A sailor uses the GI Bill and bootstraps a charity for vets
Andre Andrews is a Navy veteran who served on a mine countermeasures (minesweeper) ship stationed in Bahrain. The mission could produce sleepless nights and Andre remembers going to bed worrying about, “being blown up by a mine.”
His experience in the Navy informed his recognition that he was serving a mission greater than himself. Coupled with his civilian experiences, this became the springboard for giving back to his fellow veterans and community. First, he had to overcome some hurdles.
Andrews left the Navy in 2005 and sought new experiences.

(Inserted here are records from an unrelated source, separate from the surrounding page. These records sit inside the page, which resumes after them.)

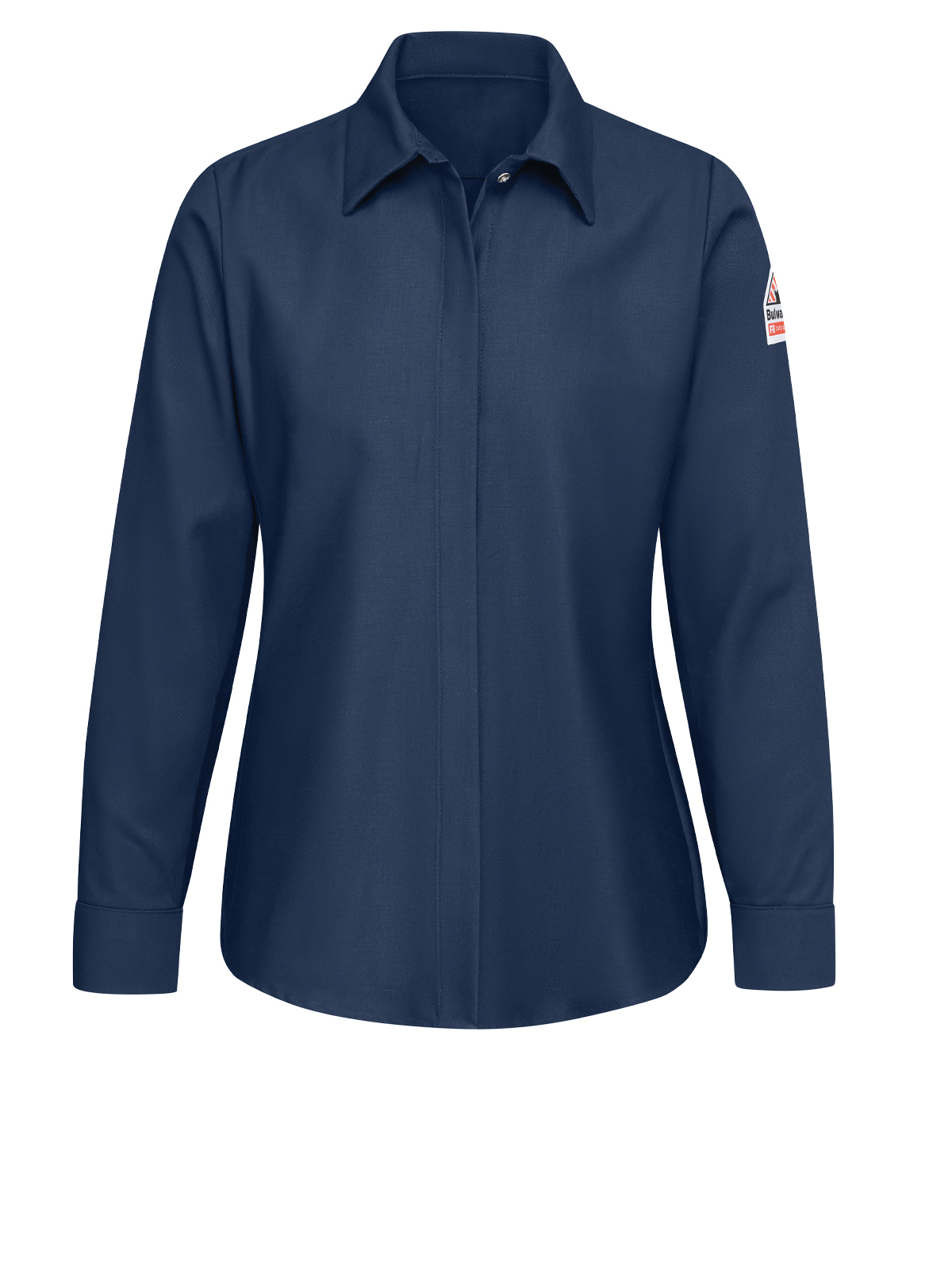 Bulwark - Women's Flame-Resistant Pocketless Work Shirt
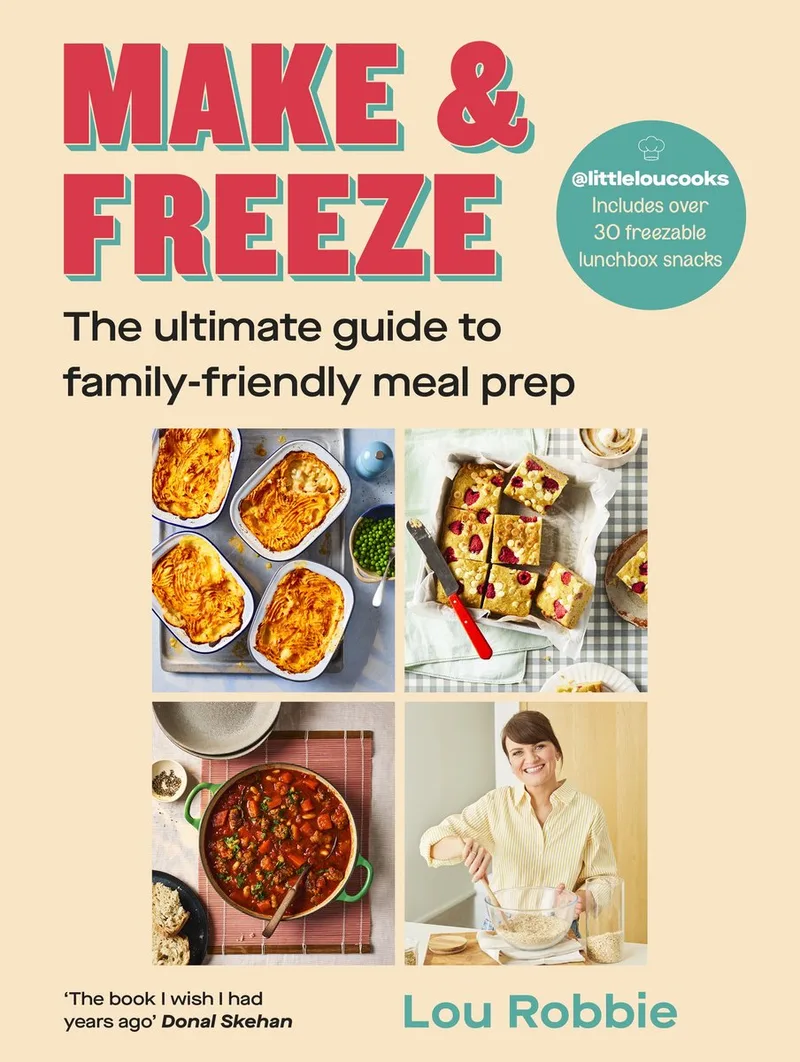 Make & Freeze fra Michael Joseph – billede af bogen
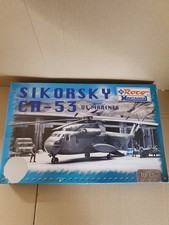 Roco Minitanks 1011 HO 1/87 SIKORSKY CH 53 US Marines, OVP und unbespielt !!!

He moved to California, even though he had no contacts and no resources. Unfortunately, he was not financially prepared for the transition from military to civilian life.
The Navy didn’t teach him about finances and he discovered that income isn’t guaranteed in the civilian world. Andrews couldn’t find an apartment. To save money, he took a full-time job and lived in his car.

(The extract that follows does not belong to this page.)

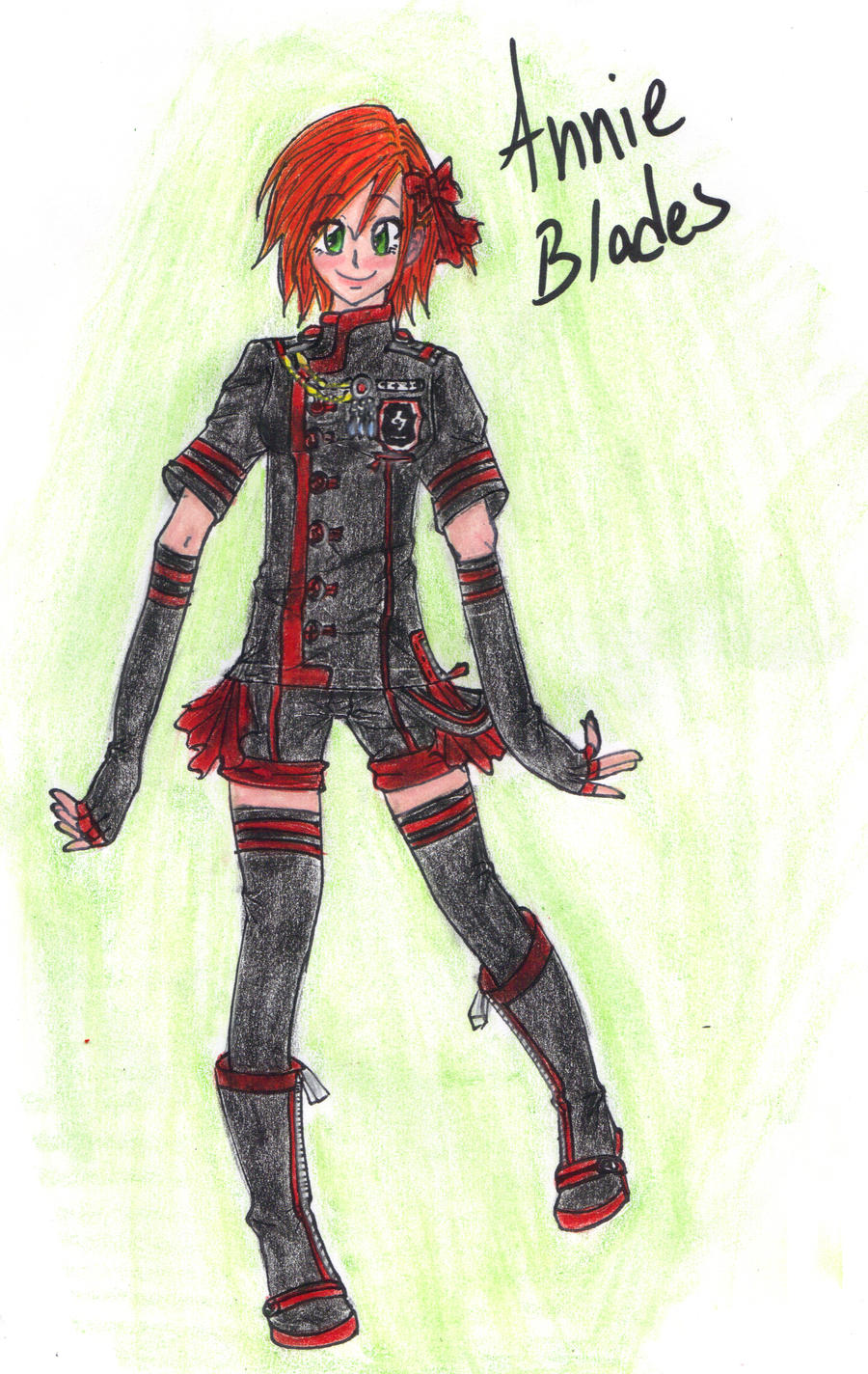 Annie Blades DGM:OC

After many months, Andre used his Montgomery GI Bill to attend Film School. He found the American Legion around this same time. That changed his life.
Through the American Legion, Andrews met many World War II and Korean War veterans. They inspired him and helped him see how America is greater than his military experience. This is when he founded Warriors Road.
Warriors Road is a nonprofit organization that provides equine therapy to veterans and first responders. Equine therapy offers a range of treatments using horses to promote physical and mental health. Andrews says the horses help participants heal, just as the American Legion helped him heal.
“It doesn’t matter how hard it is for you or how many hurdles you think you went through, you can still get over it. You can still make it happen,” says Andrews. Warriors Road was established to help make that happen for veterans and first responders.
Warriors Road is a natural extension of Andrews’ life experiences. His love for horses comes from his father and grandfather, both of whom were horsemen. Horses provide an outlet for healing, something that was difficult for Andrews to find when he transitioned out of the military.
Andrews leveraged his experiences – during and after military life – to give something back. And the first step of his journey was taking advantage of the GI Bill.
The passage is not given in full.